La France constitue-t-elle pour American Express Voyage un marché phare pour les réservations en ligne ?
Si le Royaume-Uni s'avère très en avance du fait d'un rythme d'évolution et d'une facilité d'adoption des solutions américaines, la France est au cœur de la cible sur les réservations online, tout comme l'Allemagne et les pays nordiques. L'Espagne était jusqu'à ce jour relativement freinée par une spécificité locale du marché : un service de navettes entre Madrid et Barcelone n'était pas accessibles en online. Mais aujourd'hui cette contrainte est réglée, le marché online est en passe de décoller rapidement.

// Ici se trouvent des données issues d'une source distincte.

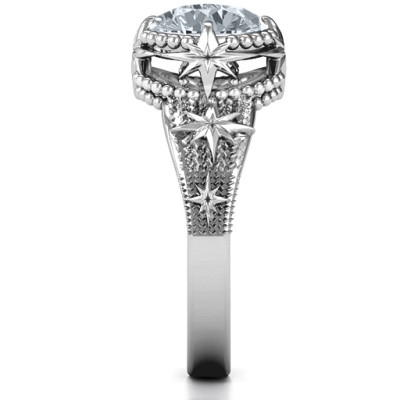 Showstopper Star Solid White Gold Ring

Quelles sont vos perspectives pour 2006 ?
  Le site
American Express Voyage d'affaires

Nous sommes aujourd'hui en ordre de marche. Nous sommes le premier opérateur online en France, et c'est l'aboutissement d'une démarche entamée depuis plus de 3 ans, et formalisée depuis deux ans. Nous avions lancé une "start-up" à l'intérieur même du groupe pour bâtir les fondements du online. Mais en 2005, le canal online s'est suffisamment répandu, et nous nous rendons compte que tout seul, il n'a pas de sens. Nous avons donc réintégré cette division au sein des opérations. Notre démarche commerciale est dorénavant en alignement, ce qui représente un paramètre important. Les produits sont disponibles, les agences ont une stratégie claire, et les clients sont de plus en plus convaincus de l'importance du canal Internet. Les chiffres vont exploser, j'en suis intimement convaincu et j'espère même pouvoir aller au-delà des objectifs.

 
 
Propos recueillis par Solveig Emerard-Jammes

PARCOURS
 
 
Dominique Savart, 46 ans, a obtenu en 1982 le diplôme d'Officier première classe de la marine marchande et a travaillé de 1982 à 1984 en tant qu'Officier.

Dès 1984, il bifurque vers le monde informatique et entre comme Chef de projet informatique chez STI, une SSII. En 1988, il devient responsable des études chez Diners Voyages, puis Scac Voyages.

De 1990 à 1997, il prend le poste de directeur informatique adjoint, puis celui de : Directeur des systèmes d'information, sociétés chez Havas voyages, American Express Voyages.

Depuis 2004, Dominique Savart est Vice Président Opération Benelux - France - Espagne.